Aug 17, 2015 1:05 PM in response to Frerin

I figured out how to delete expired S/MIME certificates and possibly how to scale iOS S/MIME for future certs -- I can't tell if the solution is a bug or a feature.


To delete all trusted S/MIME (and TLS) certificates:


iOS>Settings>General>Reset>Reset All Settings

You'll have to do this whenever one of your contact's S/MIME certificates expires, which, if they're on an enterprise PKI, will happen every year. This greatly limits the usefulness of iOS S/MIME because it's a major PITA to renter all your settings and VPN configurations every time an S/MIME certificate expires.I am hoping the following solution works to avoid this problem with iOS:

  • Do NOT follow Apple's advice in the support document "Send an encrypted message to someone outside your Exchange environment". Specifically, do NOT manually trust the certificate by hitting View Certificate>Install because (I believe) this will keep a trusted certificate in your keychain after this certificate expires and is replaced. iOS will not let you install an updated certificate with the same RFC 822 Name (email address), and will continue to encrypt using the same trusted-but-expired certificate. After hitting Install, you'll have to Reset All Settings to get rid of it (bad).
  • User uploaded file
  • Rather, View Certificate, then request a copy of the Root Certificate Authority (.cer) and, if necessary, the Intermediate CA (.cer) that signs the sender's cert. Install these .cer certificates in your System Profiles. In my experience, I need both the Root and Intermediate CAs for iOS.
  • Now (I believe), S/MIME signing and encryption certs will be added to your keychain as trusted by the Root and Intermediate CAs. But expired certs will neither be trusted nor used, allowing the updated and trusted (via the root CA) cert to used correctly.
  • This approach also works if you run your own OS X Server Mail service and cut your own trusted S/MIME certs.

Mar 15, 2015 8:48 PM in response to Frerin

hi Frerin, hi all, one year after your post I have the same problem under iOS 8.2. It seems nothing has changed since then. Or did you find a solution meanwhile? This Apple article Use S/MIME to send encrypted messages in an Exchange environment in iOS - Apple Support describes more in section "Send....outside exchange environment" but exactly sub-section 4. "The Install button changes color to red and reads Remove" does not work on my devices (iPhone 6, iPad mini Retina).

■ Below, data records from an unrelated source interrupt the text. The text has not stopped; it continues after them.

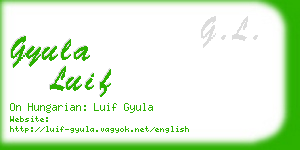 gyula luif business card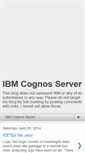 Mobile Screenshot of cogserver.blogspot.com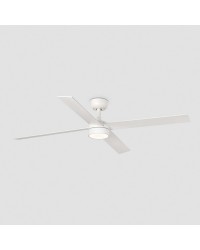 34355-1TW Ventilador de techo con luz LED CCT blanco DC, 4 palas, modelo Rudder L 4 de Faro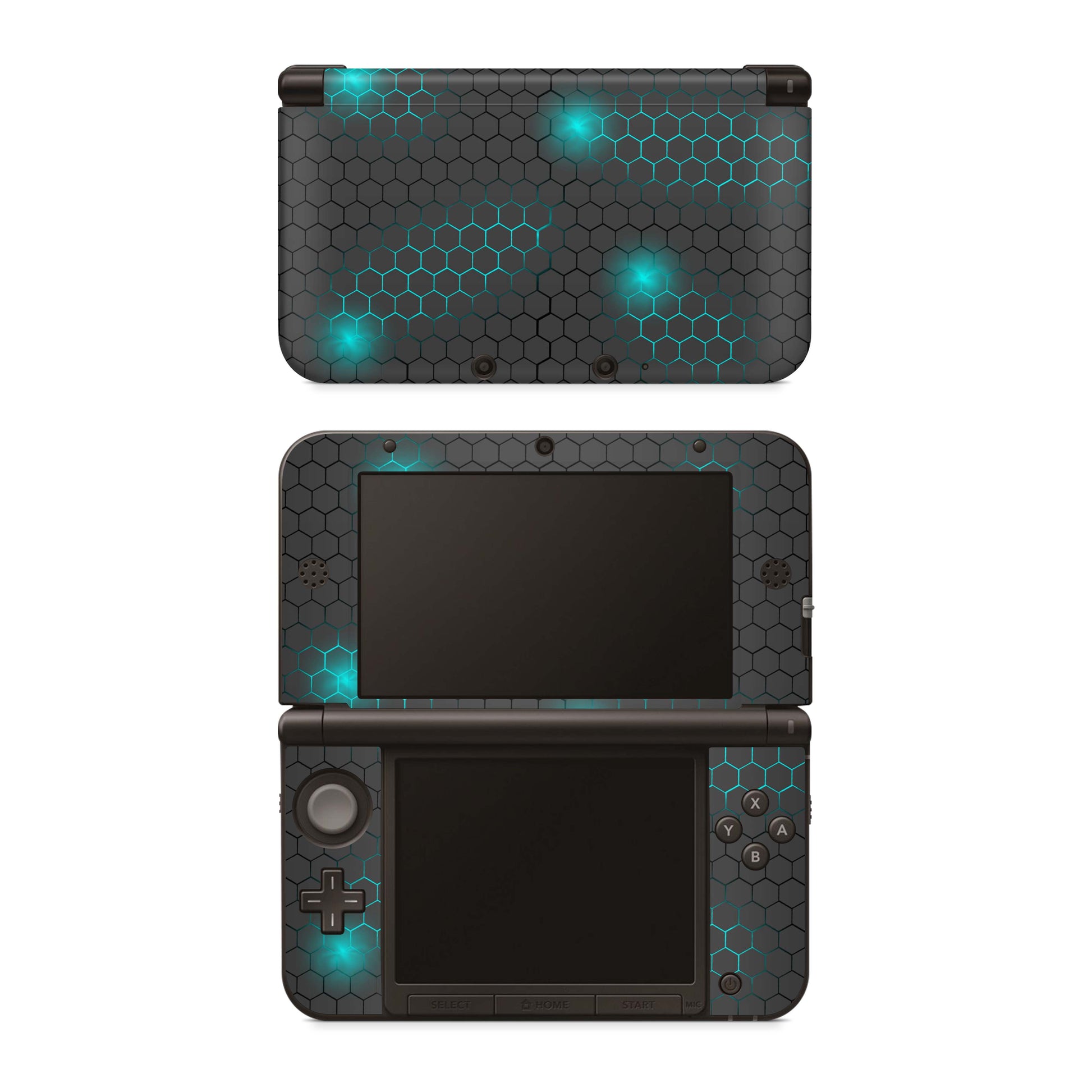 Nintendo 3DS Skins Vinyl Skin für 3DS, 3DS XL, NEW 3DS XL Motiv Exo small blue Aufkleber Skins4u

The color remains blue and still reads install. My email partner has revoked his s7mime certificate which causes now irritation. My devices still use the revoked certificate for encryption even I have received and installed a new, trusted certificate from this partner.

But my partner of course cannot open my mails encrypted still with the revoked certificate. Any advice would be highly appreciated. Sincerely, Claus

Aug 20, 2015 2:36 AM in response to Frerin

There is way to remove old S/MIME certificates IF you have old signed email from the person. Search back through your mail and examine the certificate until you find an old one with a red Remove button rather than a blue Install button. Remove the old cert and go forward and install the new cert. AFAIK, this is the only way to remove S/MIME certificates short of reinstalling a factory iOS.

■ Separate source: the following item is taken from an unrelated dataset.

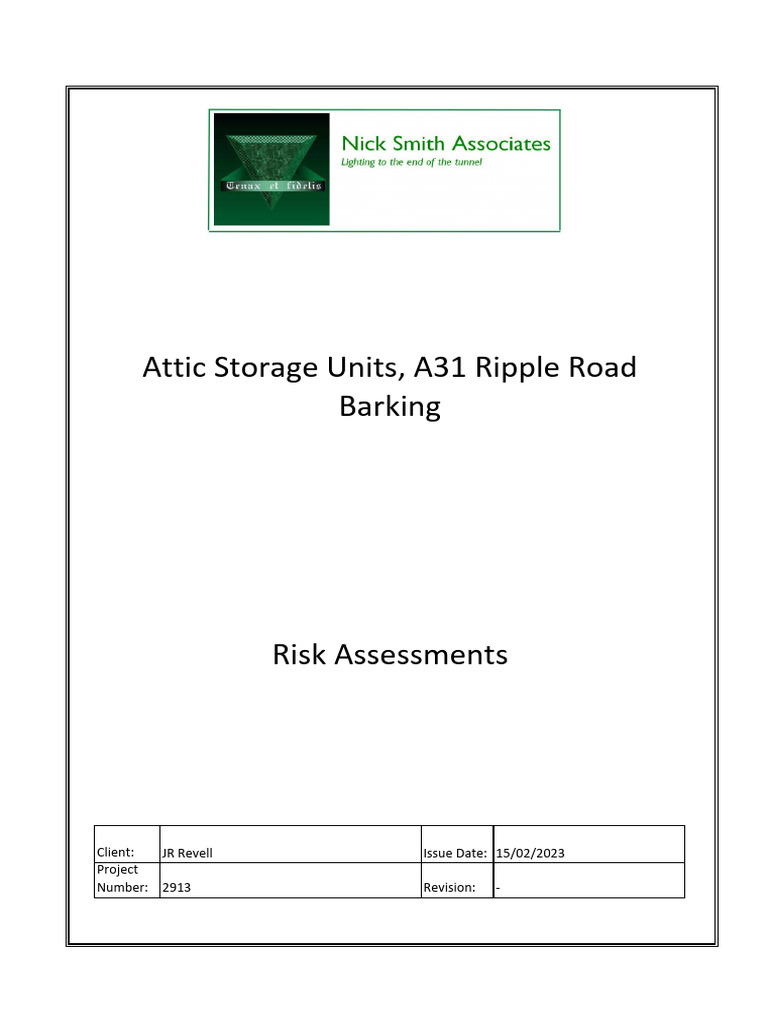 2913 Risk Assessments | PDF | Risk | Occupational Safety And Health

You'll have do this separately for every contact on every iOS device every time a cert expires. This obviously scales horribly, and you can spend an hour or more searching through old email certs looking for the one to remove, especially if the PKI certs are updated at irregular periods. In one case, I had to use OS X Mail.app's better search capability to copy thousands of old emails into a temp mailbox just to be able to search for certs on iOS.


Please file bug reports.

May 4, 2016 10:36 AM in response to william-from-abingdon

I Have the solution looks like a glitch in IOS I have an IPhone 6S could not get solution even thru apple tech support here it is, go to Settings/ Display Brightness under Display Zoom select standard. Then try to install the certificate again but this time hold the iPhone horizontally before you press the install button then you'll be asked the magic question would you like to replace the old certificate. That's it the phone must be in standard view and it must be held horizontally.

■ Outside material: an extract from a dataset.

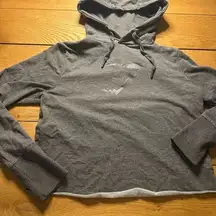 Gymshark cropped hoodie medium gray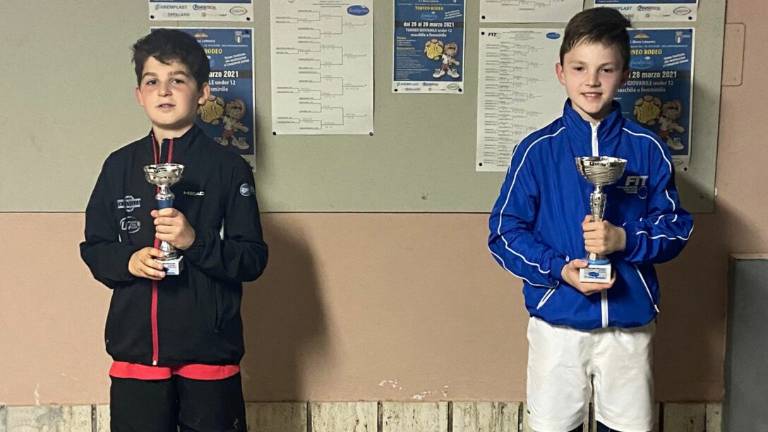 Tennis, Baldassarri e Pastrav vincono il torneo U12 di Massa Tennis, Baldassarri e Pastrav vincono il torneo U12 di Massa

May 4, 2016 11:08 AM in response to FD7470

Sorry, this one didn't work for me. Perhaps a dependency on PKI specifics.


FD7470 wrote:

I Have the solution looks like a glitch in IOS I have an IPhone 6S could not get solution even thru apple tech support here it is, go to Settings/ Display Brightness under Display Zoom select standard. Then try to install the certificate again but this time hold the iPhone horizontally before you press the install button then you'll be asked the magic question would you like to replace the old certificate. That's it the phone must be in standard view and it must be held horizontally.